## HOW TO COMPLETE THIS TASK
Total the lines of the entries below that hold the string "エクステリア", then write only that total.

*** Opening of THE RECORDS ***

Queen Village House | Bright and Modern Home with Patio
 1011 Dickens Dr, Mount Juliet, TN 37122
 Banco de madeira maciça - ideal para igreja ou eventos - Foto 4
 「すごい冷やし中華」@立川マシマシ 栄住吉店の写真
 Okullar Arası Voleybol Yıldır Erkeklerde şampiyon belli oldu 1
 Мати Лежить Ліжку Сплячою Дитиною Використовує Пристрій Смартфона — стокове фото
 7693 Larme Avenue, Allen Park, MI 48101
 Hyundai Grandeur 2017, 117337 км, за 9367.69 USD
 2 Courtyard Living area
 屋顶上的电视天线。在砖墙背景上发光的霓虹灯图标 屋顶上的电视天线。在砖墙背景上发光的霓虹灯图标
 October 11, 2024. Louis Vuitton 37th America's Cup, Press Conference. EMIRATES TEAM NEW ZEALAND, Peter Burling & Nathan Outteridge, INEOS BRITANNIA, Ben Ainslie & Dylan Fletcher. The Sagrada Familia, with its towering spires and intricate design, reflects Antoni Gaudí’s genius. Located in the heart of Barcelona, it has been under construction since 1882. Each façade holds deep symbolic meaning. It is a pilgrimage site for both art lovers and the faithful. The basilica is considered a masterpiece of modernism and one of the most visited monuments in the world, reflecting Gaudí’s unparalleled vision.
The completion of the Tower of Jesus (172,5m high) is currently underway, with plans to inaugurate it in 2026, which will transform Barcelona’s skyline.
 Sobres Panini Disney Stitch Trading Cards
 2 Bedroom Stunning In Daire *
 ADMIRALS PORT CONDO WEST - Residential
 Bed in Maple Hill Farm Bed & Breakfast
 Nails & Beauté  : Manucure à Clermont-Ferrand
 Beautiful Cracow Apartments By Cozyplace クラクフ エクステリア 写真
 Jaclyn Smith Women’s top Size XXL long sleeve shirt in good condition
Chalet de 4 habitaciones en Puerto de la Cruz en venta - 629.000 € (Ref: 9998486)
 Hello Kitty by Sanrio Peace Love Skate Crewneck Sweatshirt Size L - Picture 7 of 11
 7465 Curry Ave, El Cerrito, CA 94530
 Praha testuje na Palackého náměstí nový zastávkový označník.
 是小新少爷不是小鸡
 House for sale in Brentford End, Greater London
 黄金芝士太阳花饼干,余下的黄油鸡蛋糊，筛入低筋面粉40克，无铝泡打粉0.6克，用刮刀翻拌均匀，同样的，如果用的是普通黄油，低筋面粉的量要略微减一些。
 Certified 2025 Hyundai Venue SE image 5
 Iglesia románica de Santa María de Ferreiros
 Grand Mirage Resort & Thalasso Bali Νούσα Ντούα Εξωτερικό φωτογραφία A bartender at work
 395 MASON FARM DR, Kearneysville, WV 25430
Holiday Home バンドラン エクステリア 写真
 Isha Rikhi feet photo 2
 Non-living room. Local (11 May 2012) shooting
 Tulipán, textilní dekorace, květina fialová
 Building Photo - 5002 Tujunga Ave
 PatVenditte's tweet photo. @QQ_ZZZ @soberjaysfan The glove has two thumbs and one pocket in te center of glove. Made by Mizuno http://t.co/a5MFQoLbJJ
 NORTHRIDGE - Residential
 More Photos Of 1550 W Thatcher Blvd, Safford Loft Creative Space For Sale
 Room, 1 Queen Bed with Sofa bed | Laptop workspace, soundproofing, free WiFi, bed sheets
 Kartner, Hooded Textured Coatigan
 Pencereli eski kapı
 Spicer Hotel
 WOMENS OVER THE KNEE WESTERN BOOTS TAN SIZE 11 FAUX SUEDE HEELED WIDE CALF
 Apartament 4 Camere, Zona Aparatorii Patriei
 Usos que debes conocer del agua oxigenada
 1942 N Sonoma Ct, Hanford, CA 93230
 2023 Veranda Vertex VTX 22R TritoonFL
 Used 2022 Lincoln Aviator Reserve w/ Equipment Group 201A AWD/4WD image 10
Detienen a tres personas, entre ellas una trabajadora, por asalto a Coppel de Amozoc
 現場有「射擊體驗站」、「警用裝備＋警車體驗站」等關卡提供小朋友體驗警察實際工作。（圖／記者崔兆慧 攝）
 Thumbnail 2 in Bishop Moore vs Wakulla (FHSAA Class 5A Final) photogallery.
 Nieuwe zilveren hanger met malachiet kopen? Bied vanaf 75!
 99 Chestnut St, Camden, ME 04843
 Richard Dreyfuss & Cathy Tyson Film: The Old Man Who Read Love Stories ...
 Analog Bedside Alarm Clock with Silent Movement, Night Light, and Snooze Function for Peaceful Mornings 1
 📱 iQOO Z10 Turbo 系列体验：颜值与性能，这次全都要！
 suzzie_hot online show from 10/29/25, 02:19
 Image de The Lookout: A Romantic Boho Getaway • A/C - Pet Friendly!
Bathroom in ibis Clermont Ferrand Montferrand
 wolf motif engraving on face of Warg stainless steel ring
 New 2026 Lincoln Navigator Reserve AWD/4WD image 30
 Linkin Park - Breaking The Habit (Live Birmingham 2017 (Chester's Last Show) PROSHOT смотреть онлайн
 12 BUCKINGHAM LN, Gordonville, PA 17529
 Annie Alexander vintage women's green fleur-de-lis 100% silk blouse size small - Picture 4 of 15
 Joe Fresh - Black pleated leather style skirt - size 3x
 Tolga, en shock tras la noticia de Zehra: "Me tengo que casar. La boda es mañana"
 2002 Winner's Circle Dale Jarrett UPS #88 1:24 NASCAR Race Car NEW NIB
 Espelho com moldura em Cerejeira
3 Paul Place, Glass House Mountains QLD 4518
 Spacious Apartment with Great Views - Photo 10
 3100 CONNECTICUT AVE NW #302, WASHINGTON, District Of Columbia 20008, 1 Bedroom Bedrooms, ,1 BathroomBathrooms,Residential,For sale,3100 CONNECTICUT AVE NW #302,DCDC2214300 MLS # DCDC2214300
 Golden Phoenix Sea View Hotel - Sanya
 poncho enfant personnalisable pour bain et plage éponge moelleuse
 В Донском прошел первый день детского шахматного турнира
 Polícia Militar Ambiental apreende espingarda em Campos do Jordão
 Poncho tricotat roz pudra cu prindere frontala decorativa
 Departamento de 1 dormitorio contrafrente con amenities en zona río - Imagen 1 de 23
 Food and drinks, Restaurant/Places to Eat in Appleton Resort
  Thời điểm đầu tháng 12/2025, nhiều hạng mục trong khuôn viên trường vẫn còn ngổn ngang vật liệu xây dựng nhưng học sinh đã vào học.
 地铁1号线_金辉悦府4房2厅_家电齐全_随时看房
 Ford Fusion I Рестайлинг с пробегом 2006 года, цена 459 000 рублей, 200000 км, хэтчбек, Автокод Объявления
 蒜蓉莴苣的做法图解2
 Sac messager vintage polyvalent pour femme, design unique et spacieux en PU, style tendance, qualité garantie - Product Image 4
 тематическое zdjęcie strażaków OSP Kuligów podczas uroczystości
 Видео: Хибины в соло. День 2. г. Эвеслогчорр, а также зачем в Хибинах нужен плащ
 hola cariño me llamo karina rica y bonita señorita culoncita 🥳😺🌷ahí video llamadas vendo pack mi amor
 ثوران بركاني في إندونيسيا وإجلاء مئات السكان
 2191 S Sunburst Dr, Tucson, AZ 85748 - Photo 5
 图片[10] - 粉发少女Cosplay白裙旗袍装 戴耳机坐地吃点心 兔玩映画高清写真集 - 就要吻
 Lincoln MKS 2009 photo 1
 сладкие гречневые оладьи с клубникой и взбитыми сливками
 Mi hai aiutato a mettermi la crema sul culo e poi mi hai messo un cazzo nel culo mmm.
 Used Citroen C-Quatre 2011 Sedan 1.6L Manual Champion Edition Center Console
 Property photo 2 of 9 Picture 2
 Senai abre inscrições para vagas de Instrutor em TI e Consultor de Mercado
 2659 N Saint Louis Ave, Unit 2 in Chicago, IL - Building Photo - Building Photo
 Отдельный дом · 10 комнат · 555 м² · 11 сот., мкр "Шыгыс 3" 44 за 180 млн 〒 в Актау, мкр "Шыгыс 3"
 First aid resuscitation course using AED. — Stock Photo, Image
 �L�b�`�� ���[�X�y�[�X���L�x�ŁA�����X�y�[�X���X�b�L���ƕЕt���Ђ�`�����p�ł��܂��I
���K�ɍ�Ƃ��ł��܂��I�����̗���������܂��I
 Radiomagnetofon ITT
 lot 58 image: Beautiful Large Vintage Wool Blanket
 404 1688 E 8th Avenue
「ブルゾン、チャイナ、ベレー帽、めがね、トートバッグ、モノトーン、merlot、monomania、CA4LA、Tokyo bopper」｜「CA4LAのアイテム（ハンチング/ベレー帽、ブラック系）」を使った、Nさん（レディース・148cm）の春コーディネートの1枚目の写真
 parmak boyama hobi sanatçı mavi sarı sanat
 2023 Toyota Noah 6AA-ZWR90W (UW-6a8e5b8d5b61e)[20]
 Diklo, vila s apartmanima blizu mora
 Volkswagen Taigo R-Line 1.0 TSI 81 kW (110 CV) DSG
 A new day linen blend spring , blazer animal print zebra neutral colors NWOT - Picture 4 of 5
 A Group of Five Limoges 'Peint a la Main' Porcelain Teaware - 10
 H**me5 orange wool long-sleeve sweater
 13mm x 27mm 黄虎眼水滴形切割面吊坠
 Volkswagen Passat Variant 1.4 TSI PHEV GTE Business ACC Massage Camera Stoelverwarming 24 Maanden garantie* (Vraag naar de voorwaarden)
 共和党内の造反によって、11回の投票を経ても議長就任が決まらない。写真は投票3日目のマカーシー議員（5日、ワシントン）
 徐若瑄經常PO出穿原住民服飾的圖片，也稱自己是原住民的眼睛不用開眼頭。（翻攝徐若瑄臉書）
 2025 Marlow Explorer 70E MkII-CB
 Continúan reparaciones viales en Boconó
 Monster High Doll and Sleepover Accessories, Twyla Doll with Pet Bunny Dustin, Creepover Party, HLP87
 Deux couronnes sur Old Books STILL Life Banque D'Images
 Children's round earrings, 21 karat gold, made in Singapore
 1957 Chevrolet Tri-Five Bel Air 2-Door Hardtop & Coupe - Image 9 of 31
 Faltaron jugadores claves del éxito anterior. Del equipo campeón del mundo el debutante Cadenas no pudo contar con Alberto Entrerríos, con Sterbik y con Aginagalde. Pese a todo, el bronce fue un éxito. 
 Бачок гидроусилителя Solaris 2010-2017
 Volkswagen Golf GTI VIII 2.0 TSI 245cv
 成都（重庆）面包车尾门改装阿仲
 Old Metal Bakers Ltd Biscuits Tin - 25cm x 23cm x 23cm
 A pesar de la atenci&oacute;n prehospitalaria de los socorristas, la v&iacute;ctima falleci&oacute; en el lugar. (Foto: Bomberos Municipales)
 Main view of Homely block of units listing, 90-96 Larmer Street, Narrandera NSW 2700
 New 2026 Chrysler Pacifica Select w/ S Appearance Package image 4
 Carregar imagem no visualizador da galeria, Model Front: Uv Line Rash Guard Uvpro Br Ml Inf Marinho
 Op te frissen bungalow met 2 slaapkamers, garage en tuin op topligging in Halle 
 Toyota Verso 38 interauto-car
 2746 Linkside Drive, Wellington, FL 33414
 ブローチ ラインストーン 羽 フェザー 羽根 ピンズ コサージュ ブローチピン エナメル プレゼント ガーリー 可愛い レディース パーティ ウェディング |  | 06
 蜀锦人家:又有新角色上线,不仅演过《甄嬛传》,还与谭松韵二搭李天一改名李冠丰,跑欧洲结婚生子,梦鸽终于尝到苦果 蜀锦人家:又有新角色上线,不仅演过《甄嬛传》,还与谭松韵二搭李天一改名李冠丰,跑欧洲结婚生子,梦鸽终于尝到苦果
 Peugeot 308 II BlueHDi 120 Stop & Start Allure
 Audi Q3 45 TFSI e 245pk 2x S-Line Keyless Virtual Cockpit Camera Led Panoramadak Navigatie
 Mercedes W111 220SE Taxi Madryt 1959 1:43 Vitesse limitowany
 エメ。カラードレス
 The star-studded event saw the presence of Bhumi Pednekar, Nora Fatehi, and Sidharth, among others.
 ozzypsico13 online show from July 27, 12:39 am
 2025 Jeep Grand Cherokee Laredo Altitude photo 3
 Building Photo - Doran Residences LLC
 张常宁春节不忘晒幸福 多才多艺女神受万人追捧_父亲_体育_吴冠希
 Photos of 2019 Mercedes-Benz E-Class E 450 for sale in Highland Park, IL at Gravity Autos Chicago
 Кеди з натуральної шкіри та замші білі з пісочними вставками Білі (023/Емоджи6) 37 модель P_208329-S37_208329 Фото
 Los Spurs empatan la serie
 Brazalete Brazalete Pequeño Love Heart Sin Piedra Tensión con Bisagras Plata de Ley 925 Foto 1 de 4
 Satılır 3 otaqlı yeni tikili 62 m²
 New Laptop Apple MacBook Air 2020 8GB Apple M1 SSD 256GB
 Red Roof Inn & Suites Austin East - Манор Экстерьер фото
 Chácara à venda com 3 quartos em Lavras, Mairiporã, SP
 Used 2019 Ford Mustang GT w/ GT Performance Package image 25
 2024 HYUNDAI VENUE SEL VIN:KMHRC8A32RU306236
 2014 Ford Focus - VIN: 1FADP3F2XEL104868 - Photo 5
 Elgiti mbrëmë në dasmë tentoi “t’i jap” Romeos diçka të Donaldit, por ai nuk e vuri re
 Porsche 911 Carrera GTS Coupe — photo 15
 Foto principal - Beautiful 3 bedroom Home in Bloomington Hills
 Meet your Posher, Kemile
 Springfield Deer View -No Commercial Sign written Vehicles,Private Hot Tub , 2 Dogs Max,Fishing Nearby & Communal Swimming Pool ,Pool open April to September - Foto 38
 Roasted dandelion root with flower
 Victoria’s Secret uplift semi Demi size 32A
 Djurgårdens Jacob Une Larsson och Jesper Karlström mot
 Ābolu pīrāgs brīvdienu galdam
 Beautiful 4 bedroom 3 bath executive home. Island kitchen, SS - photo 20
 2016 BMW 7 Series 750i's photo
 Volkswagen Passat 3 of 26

*** Close of THE RECORDS ***

## EXERCISE RESULT
2